Friday, September 30, 2016

Slow Down, Dammit. Slow Down!



Last weekend, I did a very stupid thing.

Previous to last weekend, I’d done well in an online contest wherein authors were encouraged to post a query letter and the first 250 words of an unpublished novel. I entered hoping to get something out of it, but never dreaming I’d come out of it with requests from two traditional publication editors to receive my work.

Here’s where the stupid thing came in:

I sent them the wrong version of my story.

How is that possible?

Well, I’ve only got fifteen versions of my story – revisions, actually – on my computer. And in my excitement at doing well in the contest, I dug into a folder I’d used for a previous submission and sent the requested files off electronically.

Then the day after, as I was re-reading old blog posts, I realized I’d sent the wrong version when I stumbled across a new introductory chapter. That I had *not* sent.

Despair.

So that night I leapt into action like a cheetah on a trampoline.

I re-sent the files, explaining my mistake. And hoped for the best.

And I’m still hoping. It can take editors up to three months to swim through queries, even those they requested. So I’ll have to stew in my own juices for the next few weeks or months to see if my attempt at rectifying the mistake paid off, and if my work meets muster.

Still, I feel rather stupid. And it’s humbling. Kinda know how the coyote feels after he gets blowed up:



After the anxiety wore off, I began a-thinking: What can I learn from this, aside from fixing my filing system?

First of all, slow down.

I heard about the contest at the last minute. I panicked to get an entry in – and used an older version of my story as the entry.

I’m reminded of something President Dieter F. Uchtdorf said recently: 

When stress levels rise, when distress appears, when tragedy strikes, too often we attempt to keep up the same frantic pace or even accelerate, thinking somehow that the more rushed our pace, the better off we will be.

One of the characteristics of modern life seems to be that we are moving at an ever-increasing rate, regardless of turbulence or obstacles.

Let’s be honest; it’s rather easy to be busy.

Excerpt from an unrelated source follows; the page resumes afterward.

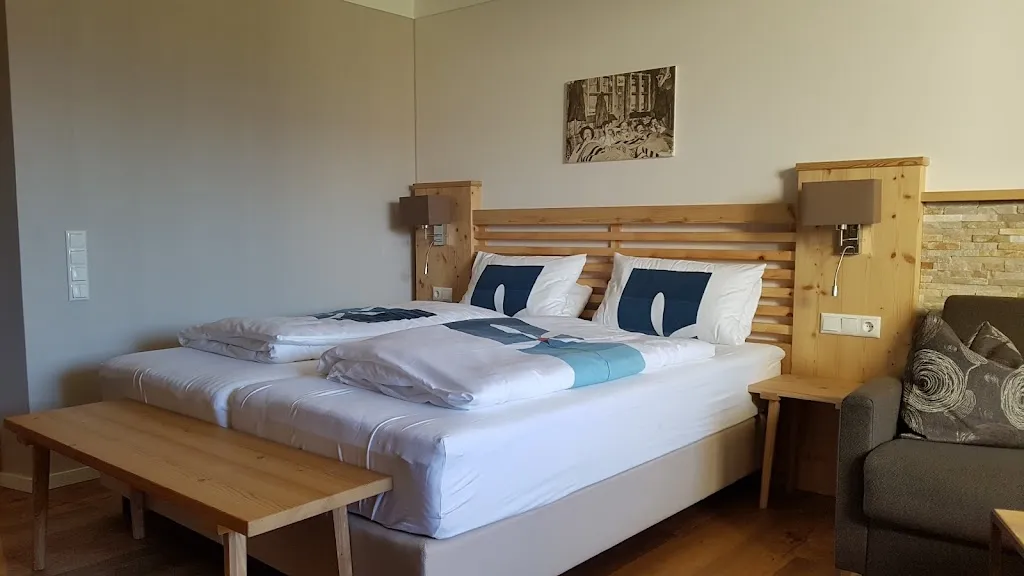 Haus Christine restaurant in Eisenberg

We all can think up a list of tasks that will overwhelm our schedules. Some might even think that their self-worth depends on the length of their to-do list. They flood the open spaces in their time with lists of meetings and minutia—even during times of stress and fatigue. Because they unnecessarily complicate their lives, they often feel increased frustration, diminished joy, and too little sense of meaning in their lives.

Entering the contest was a complication. I rushed it. I’m still glad I did it – I would not have two requests for manuscripts otherwise – but slowing down even by a matter of minutes would have likely made my resubmit not necessary.

I thought I was right – but I was not. And I should have known it, since I’d made great pains earlier this year in re-writing that manuscript, including a more riveting opening chapter.

I Muschged myself.

I’ll let Thomas Plummer explain:

When I was in graduate school, I took a seminar on Heinrich von Kleist from Bernhard Blume, one of the grand ole men of German scholarship. One day we were to discuss a paper by a classmate, ken Tigar, on Keleist’s play, Der zerbrochene Krug. The paper seemed sound enough to the rest of us. Tigar’s argument was based on a description written by Professor Walter Muschg, the great Kleist scholar at the University of Basel, of a plate with figures engraved on it. Professor Blume came to class with a large volume under his arm. He opened it to a picture of the plate that Muschg had described and passed it around.

"Well,” he asked, “what do you see?"

No one saw anything.

"Does the woman look pregnant to you ?” he asked.

Ken’s face blanched.

Professor Blume continued, “No, but Muschg says she is pregnant, and Mr. Tigar’s paper rests on that premise.”

Ken stammered, “I just through Muschg would be right."

Professor Blume shut the took and said, “Let that be a lesson to you. Never trust anyone. You must examine the source yourself."

I should from now on follow Blume’s advice. I should have known when I submitted my entry that I was using an older manuscript – one that had been rejected by a publisher and one I had spent at least four months revising.

Next time, I will question what I’m doing. I’ll slow down for those precious minutes.
Maybe nothing will come of my error. I hope something comes of my attempt to fix it.